**Exercise details**
Below are the entries to work from; restate word for word the portion that opens with the line containing "istock man's hand" and closes with the line containing "In office, man", keeping both.

%%

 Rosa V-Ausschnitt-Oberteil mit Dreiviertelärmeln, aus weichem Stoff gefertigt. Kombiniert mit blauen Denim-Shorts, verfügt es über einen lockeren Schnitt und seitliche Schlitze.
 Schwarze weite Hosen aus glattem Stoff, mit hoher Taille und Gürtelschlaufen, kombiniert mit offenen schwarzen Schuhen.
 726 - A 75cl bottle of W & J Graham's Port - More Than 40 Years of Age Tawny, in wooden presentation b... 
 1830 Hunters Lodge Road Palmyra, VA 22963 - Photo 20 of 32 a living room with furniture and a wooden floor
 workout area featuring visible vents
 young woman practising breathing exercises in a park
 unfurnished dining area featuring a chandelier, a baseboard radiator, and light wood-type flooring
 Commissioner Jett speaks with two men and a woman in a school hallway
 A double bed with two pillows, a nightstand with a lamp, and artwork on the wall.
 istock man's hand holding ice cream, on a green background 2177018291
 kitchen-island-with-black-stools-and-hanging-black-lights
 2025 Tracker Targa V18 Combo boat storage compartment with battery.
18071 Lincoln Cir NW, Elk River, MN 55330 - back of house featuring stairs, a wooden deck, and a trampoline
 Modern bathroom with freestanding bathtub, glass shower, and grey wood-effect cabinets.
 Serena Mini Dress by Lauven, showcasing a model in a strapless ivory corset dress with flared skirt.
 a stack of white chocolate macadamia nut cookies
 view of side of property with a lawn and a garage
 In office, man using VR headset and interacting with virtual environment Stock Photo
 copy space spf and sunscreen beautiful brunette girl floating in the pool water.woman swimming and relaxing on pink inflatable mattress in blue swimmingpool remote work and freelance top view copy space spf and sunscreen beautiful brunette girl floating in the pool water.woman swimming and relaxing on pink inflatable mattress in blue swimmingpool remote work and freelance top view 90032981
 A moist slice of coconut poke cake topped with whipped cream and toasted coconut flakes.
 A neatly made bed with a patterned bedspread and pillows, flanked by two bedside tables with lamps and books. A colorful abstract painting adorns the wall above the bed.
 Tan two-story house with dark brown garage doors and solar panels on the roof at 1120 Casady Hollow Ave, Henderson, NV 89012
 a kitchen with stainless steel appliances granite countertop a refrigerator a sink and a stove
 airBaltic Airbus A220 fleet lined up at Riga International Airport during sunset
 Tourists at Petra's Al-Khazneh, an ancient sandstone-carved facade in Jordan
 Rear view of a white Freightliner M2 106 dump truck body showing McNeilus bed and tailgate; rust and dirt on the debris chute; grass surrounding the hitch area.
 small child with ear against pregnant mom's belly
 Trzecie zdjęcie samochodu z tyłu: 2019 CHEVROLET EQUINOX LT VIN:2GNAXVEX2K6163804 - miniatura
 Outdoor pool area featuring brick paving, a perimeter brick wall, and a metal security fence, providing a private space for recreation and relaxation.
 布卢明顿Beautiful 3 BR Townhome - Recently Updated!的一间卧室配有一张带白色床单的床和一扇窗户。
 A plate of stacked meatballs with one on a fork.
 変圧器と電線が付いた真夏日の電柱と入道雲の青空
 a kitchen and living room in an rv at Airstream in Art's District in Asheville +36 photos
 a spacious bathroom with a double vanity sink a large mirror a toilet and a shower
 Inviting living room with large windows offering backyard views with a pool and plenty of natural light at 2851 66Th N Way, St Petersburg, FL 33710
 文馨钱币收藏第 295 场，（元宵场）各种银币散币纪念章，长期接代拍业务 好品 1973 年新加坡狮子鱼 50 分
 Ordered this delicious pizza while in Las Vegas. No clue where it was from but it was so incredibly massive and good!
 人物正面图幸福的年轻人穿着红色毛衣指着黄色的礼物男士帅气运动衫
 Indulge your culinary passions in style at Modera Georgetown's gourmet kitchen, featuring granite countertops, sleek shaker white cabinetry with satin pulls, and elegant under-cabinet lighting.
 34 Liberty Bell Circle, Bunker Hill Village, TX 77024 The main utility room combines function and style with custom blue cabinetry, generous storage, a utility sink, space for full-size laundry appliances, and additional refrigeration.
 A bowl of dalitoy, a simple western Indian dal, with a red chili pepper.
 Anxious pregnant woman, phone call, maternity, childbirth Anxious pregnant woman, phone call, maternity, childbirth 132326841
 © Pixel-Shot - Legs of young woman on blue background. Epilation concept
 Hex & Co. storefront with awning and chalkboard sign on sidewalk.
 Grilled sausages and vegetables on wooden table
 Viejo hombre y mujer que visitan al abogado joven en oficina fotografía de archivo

%%

**Solution for this exercise**
 istock man's hand holding ice cream, on a green background 2177018291
 kitchen-island-with-black-stools-and-hanging-black-lights
 2025 Tracker Targa V18 Combo boat storage compartment with battery.
18071 Lincoln Cir NW, Elk River, MN 55330 - back of house featuring stairs, a wooden deck, and a trampoline
 Modern bathroom with freestanding bathtub, glass shower, and grey wood-effect cabinets.
 Serena Mini Dress by Lauven, showcasing a model in a strapless ivory corset dress with flared skirt.
 a stack of white chocolate macadamia nut cookies
 view of side of property with a lawn and a garage
 In office, man using VR headset and interacting with virtual environment Stock Photo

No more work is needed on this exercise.